Quand littérature rime avec peinture

Diderot disait que « les beautés ont dans les arts le même fondement que les vérités dans la philosophie ». Stendhal lui répondait que « La beauté n’est jamais, ce me semble, qu’une promesse de bonheur ». Ce livre, par le double détour des mots et des images, invite à regarder les multiples formes de la beauté, voir comment elle s’exprime, comment elle entre dans les cœurs, comment elle  reste dans la mémoire. Comment la qualifier, l’identifier, la juger ? Avec à-propos l’auteur rappelle en exergue que pour Marcel Duchamp « c’est le regardeur qui fait le tableau ». Peut-être est-ce également lui qui fait la beauté, sa propre beauté ? Les canons varient, évoluent, se contredisent parfois. Le beau idéal des Anciens n’est plus celui des Modernes. La beauté peut paraître inutile aux yeux de certains, personne cependant ne pourrait s’en passer. Elle « ne s’attrape ni se retient, elle jaillit puis s’efface comme par magie » note Sophie Chauveau.

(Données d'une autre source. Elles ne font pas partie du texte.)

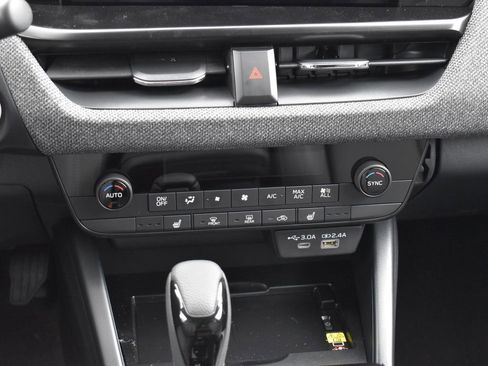 New 2026 Subaru Outback Limited image 21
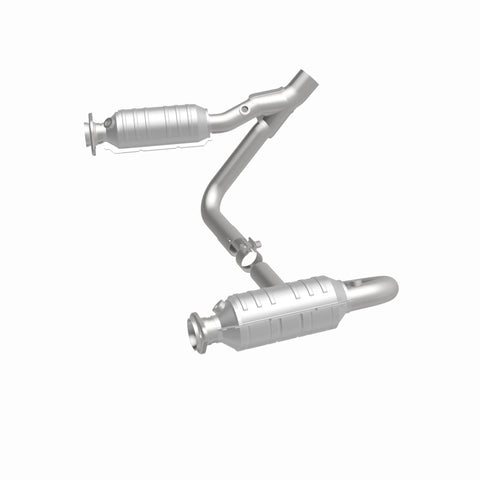 MagnaFlow Direct Fit Catalytic Converter 05-07 Dodge Durango 3.7L/4.7L - 49832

Plus que la perfection, mieux que l’excellence qui pour exister imposent d’en repousser toujours les limites, la beauté appartient à l’instant, celui que Roland Barthes conseille de saisir. 

 

 

Pour nous en donner une idée, Sophie Chauveau est allée la trouver dans les deux sphères de l’art qui sont des univers infinis, les textes écrits et les formes peintes, en élisant des thèmes courants mais essentiels : les vanités et les paysages, la chair et la piété, le désir et le rêve. En miroir, devenant autant de reflets et de transpositions, des vers et des pensées. Le miracle est qu’au-delà des âges et des lieux, les convergences se font presque naturelles, comme si derrière les différences, les révérences saluaient ce qui est la part d’absolu et la dose d’éternité qui résident au secret de chaque être, révélée par les créateurs qui l’ont approchée sans doute davantage, qu’ils se nomment Eluard, Verlaine, Fra Angelico, Braque. Avec Manet, Corot, Renoir, elle invite à la voir dans le corps et la nature. Avec Bosch, Hans Bellmer, James Drake, elle attire l’attention sur ses tortures possibles. Il y a une philosophie du beau, dans le ciel, dans la cité, Joachim Patinir et Mantegna le prouvent. Il existe aussi le bizarre, l’inquiétant, le totalitarisme, Henri Rousseau, Le Caravage et Renato Bertelli s’en font les témoins. Citations ou longs extraits, les grands noms qui demeurent côtoient les petits qui s’oublient, Baudelaire et Camus ici, Christian Bobin et Joseph Delteil là. Mais finalement, chacun apporte une pierre, grande ou petite, à l’édifice.

 

 

Interviennent ces notions complexes et indispensables que sont l’ordre, la proportion, l’harmonie, la grandeur, les accords, et la justesse chère à Platon, tout en somme ce qui suscite l’émotion, l’admiration, l’élévation de cette « satisfaction désintéressée et libre » dont parlait Kant. Devant la beauté, qui passe fugitive ou demeure durable, l’esprit est comme soustrait au temps. Les passages choisis autant que la contemplation des œuvres sélectionnées ouvrent l’éventail de ces expériences esthétiques que l’œil et l’intelligence peuvent partager. Les renvois, les rapprochements, les recoupements proposés sont des offres certes personnelles mais  entraînent vers une « exploration » qui pourrait se poursuivre davantage. S’il est vrai que la beauté ne se démontre pas, peut-elle du moins être doucement convoquée, approchée, voire selon le terme convenu, apprivoisée.

 

 

Etant à la fois comédienne et metteur en scène, Sophie Chauveau se place des deux cotés du rideau de ce grand théâtre du monde. Elle joue ainsi dans son titre avec le « D » majuscule, qui sert de dénominateur commun à ses deux voies. Selon ses critères, elle juge et nous suivons avec plaisir ses suggestions. L’abstraction que représente en soi la beauté, grâce à l’art de peindre et l’art d’écrire, se fait évidence.

 

 

Dominique Vergnon

 

 

Sophie Chauveau, (D)écrire la beauté, Omnibus, 255 pages, nombreuses illustrations, 23x23 cm, octobre 2016, 39,90 euros.